Task brief
In the material below, the line holding "https://en.abna24.com/x9jgF" and every line after it should be reproduced exactly, please, with pictures omitted.
[Exercise data]
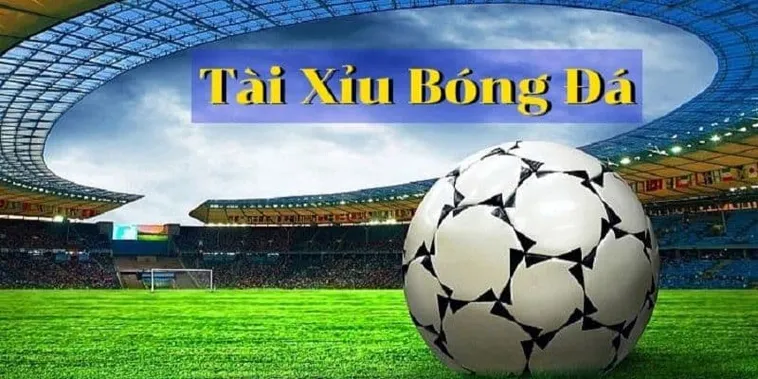 Cách Chơi Kèo Tài Xỉu Bóng Đá Bí Quyết Đọc Kèo Chuẩn Xác Nhất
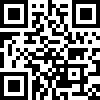 https://en.abna24.com/x9jgF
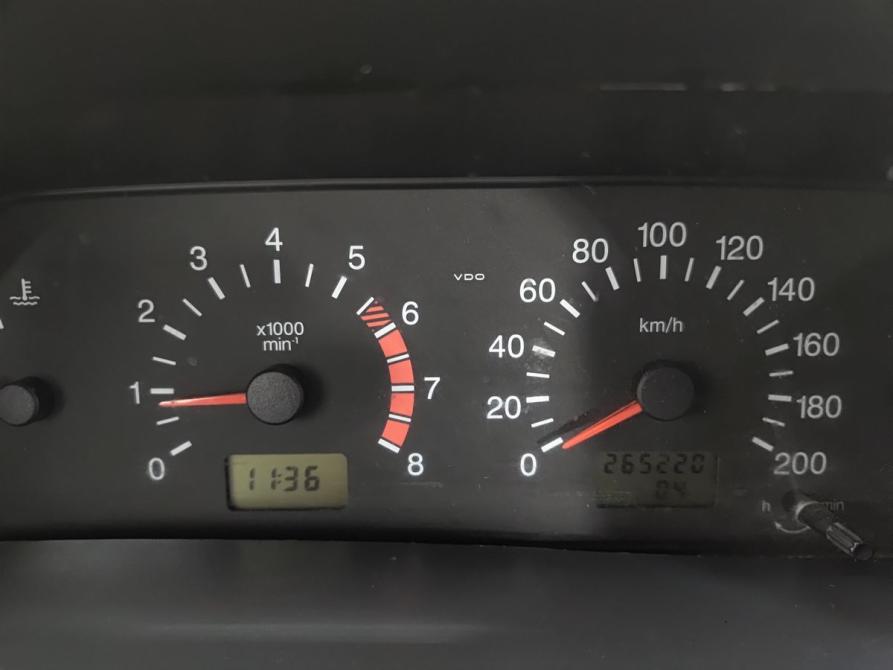 Lada (ВАЗ) 2114 Уфа  - изображение 16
[/Exercise data]
Result of this task
 https://en.abna24.com/x9jgF
 Lada (ВАЗ) 2114 Уфа  - изображение 16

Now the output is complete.